## [GIVEN ENTRIES]

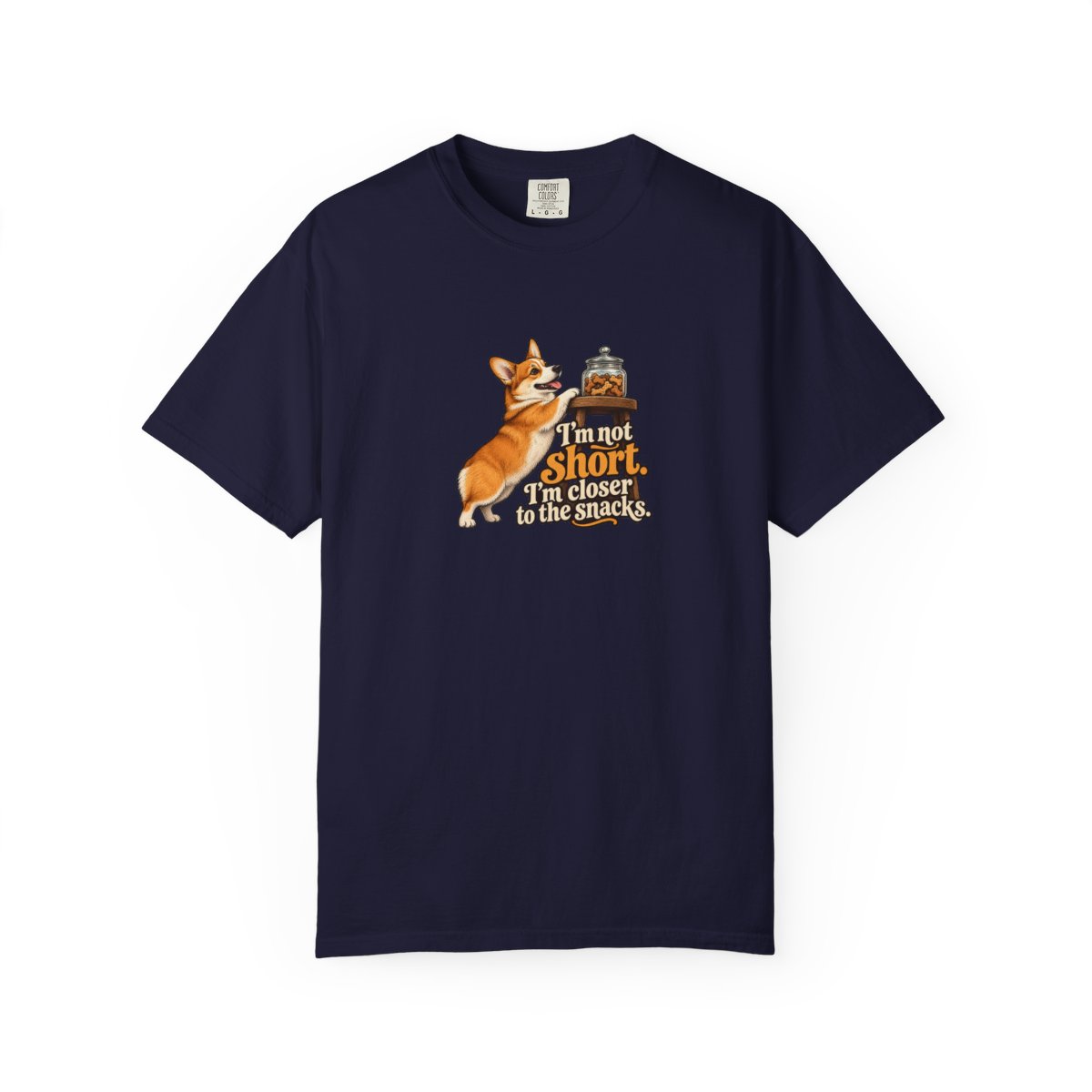 Pembroke Welsh Corgi humorous illustration tee in True Navy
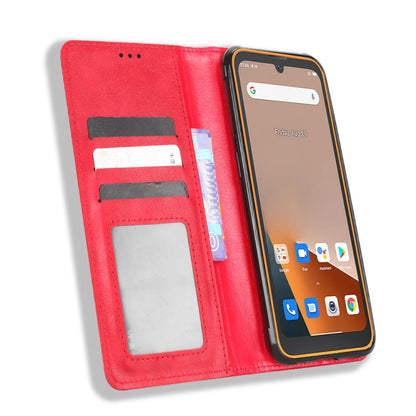 For Blackview BV5200 Magnetic Buckle Retro Texture Leather Phone Case(Red) - More Brand by buy2fix | Online Shopping UK | buy2fix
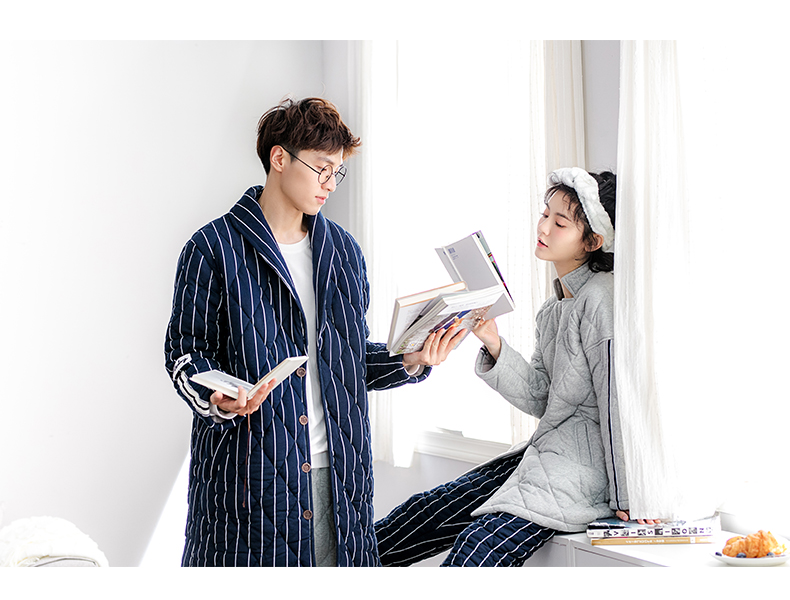 Jing Yun mới mùa đông vài bộ đồ ngủ dày đan ấm bông phục vụ nhà nam và nữ tay áo dài có thể được mặc bên ngoài phù hợp đồ ngủ nam thu đông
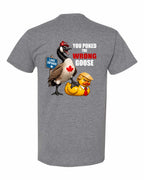 Poked the Wrong Goose Left Chest and Back Men's Tee in Graphite Heather - back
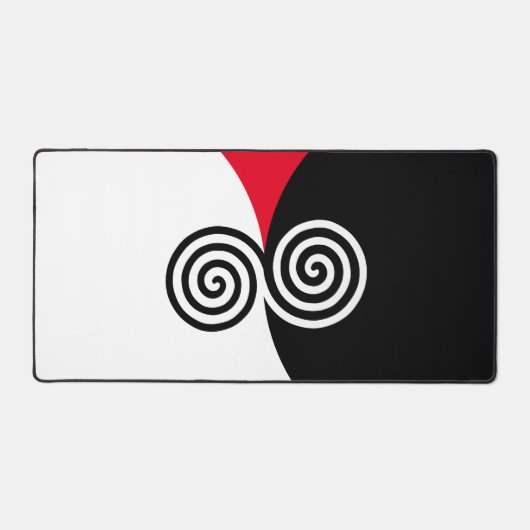 Cercles de spirale abstraits sur fond noir rouge e (Recto)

## [TRY IT]
Retype all of the material above precisely as it reads. Pictures are not part of the copy.

## [TASK RESULT]
 Pembroke Welsh Corgi humorous illustration tee in True Navy
 For Blackview BV5200 Magnetic Buckle Retro Texture Leather Phone Case(Red) - More Brand by buy2fix | Online Shopping UK | buy2fix
 Jing Yun mới mùa đông vài bộ đồ ngủ dày đan ấm bông phục vụ nhà nam và nữ tay áo dài có thể được mặc bên ngoài phù hợp đồ ngủ nam thu đông
 Poked the Wrong Goose Left Chest and Back Men's Tee in Graphite Heather - back
 Cercles de spirale abstraits sur fond noir rouge e (Recto)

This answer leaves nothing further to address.